START Records for the task

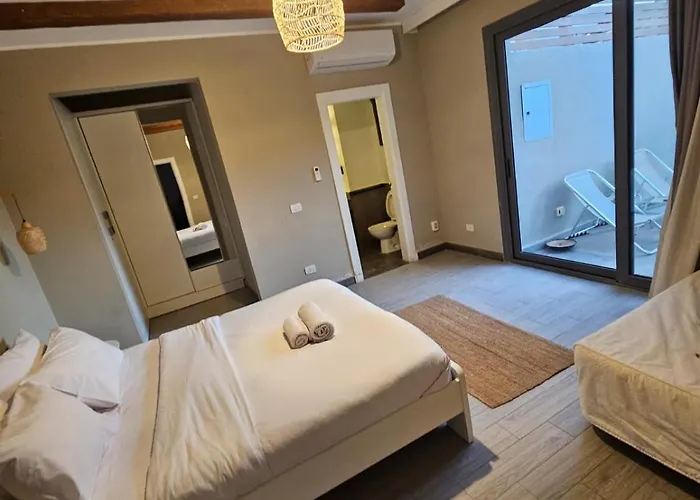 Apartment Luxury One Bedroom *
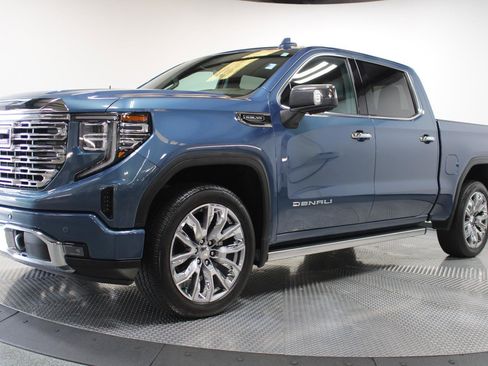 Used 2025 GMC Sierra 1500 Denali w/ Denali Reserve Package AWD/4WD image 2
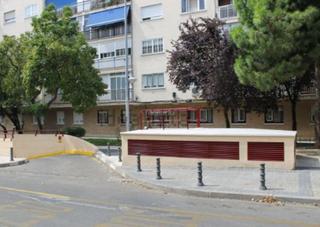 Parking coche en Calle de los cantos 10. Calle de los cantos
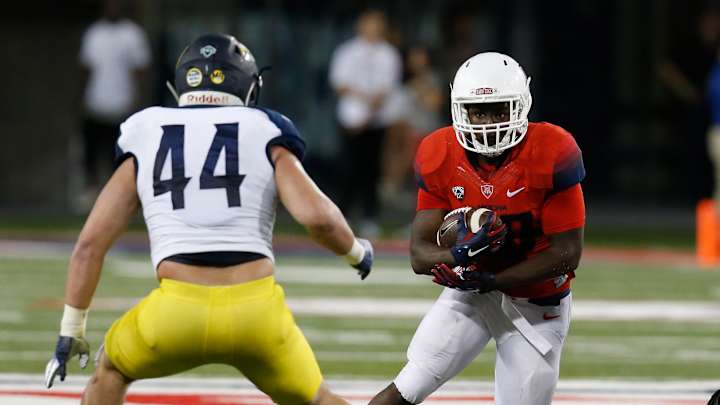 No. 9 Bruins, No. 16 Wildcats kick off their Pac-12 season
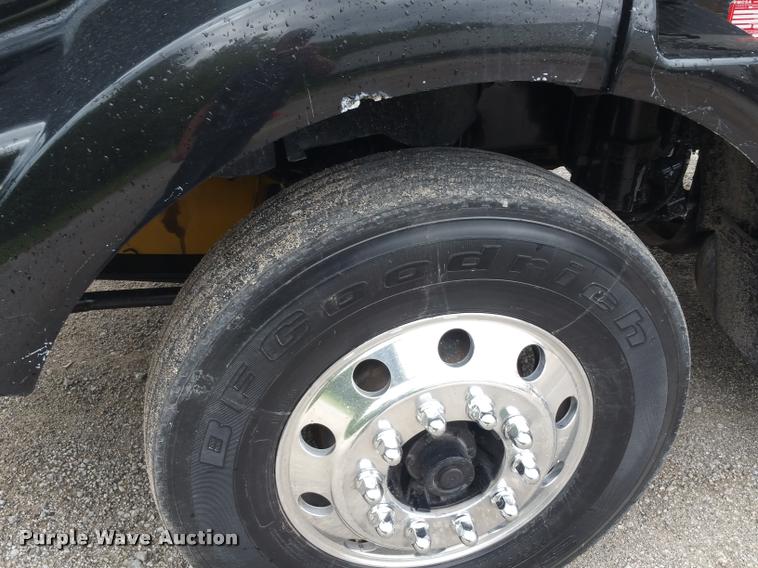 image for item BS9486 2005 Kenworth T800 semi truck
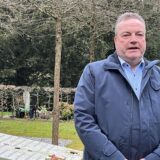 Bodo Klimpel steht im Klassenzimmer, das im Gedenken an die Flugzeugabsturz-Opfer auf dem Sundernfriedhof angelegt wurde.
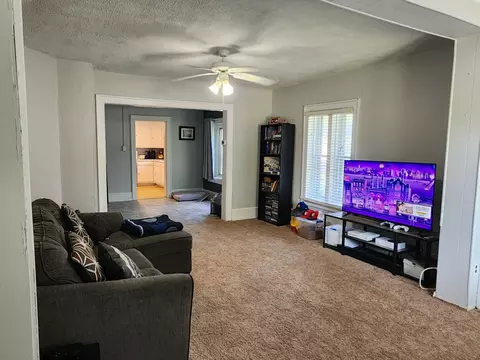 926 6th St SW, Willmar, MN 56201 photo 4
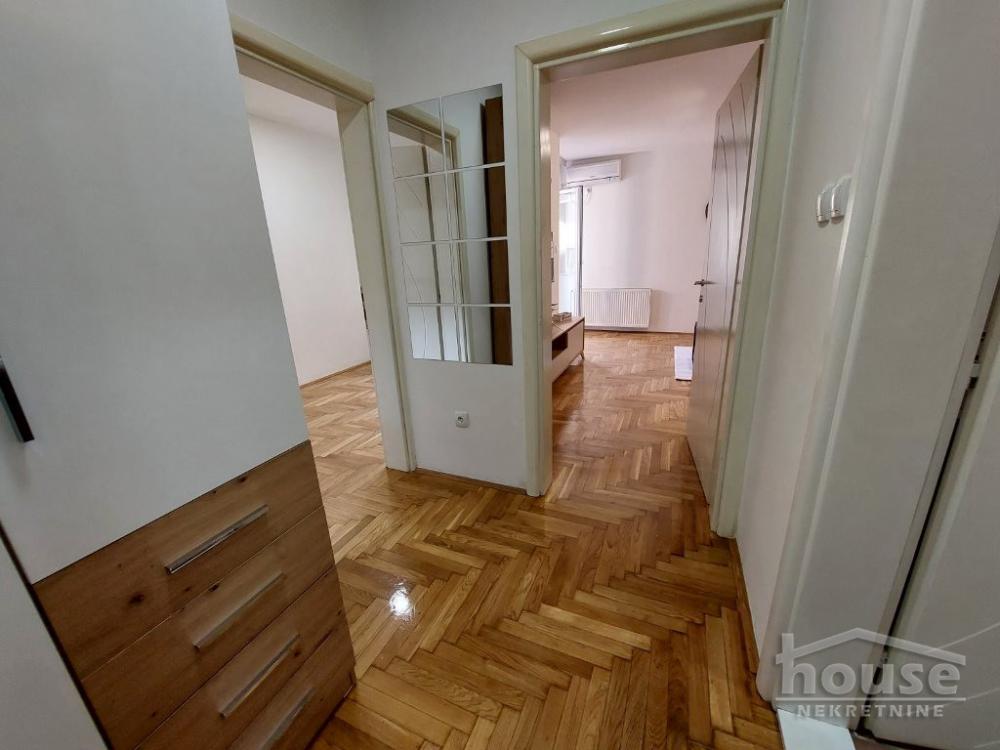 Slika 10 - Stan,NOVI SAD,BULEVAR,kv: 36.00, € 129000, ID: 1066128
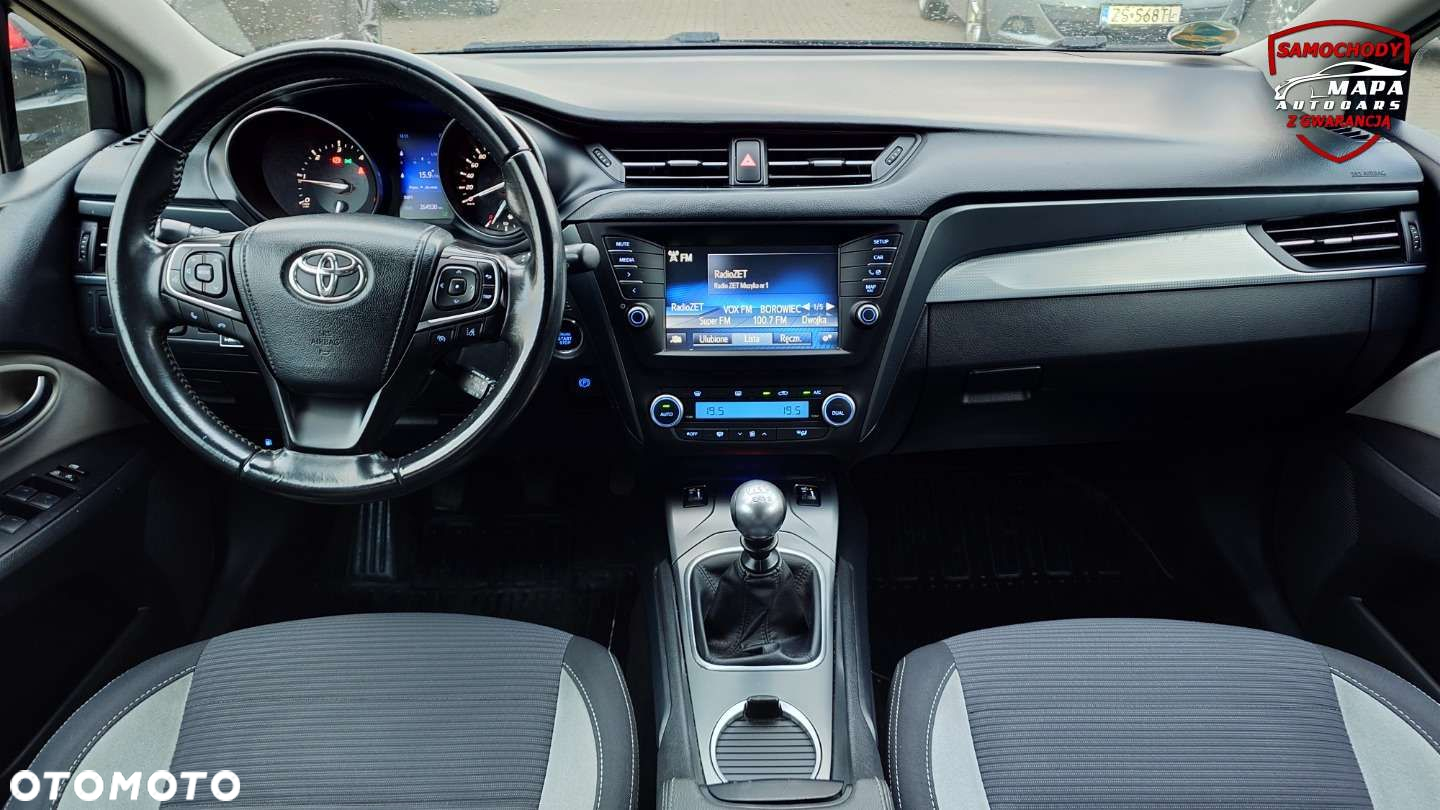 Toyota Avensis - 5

END Records for the task

■ Task item ■
If a record holds a picture, leave the picture out and transcribe everything else exactly.

■ Task answer ■
 Apartment Luxury One Bedroom *
 Used 2025 GMC Sierra 1500 Denali w/ Denali Reserve Package AWD/4WD image 2
 Parking coche en Calle de los cantos 10. Calle de los cantos
 No. 9 Bruins, No. 16 Wildcats kick off their Pac-12 season
 image for item BS9486 2005 Kenworth T800 semi truck
 Bodo Klimpel steht im Klassenzimmer, das im Gedenken an die Flugzeugabsturz-Opfer auf dem Sundernfriedhof angelegt wurde.
 926 6th St SW, Willmar, MN 56201 photo 4
 Slika 10 - Stan,NOVI SAD,BULEVAR,kv: 36.00, € 129000, ID: 1066128
 Toyota Avensis - 5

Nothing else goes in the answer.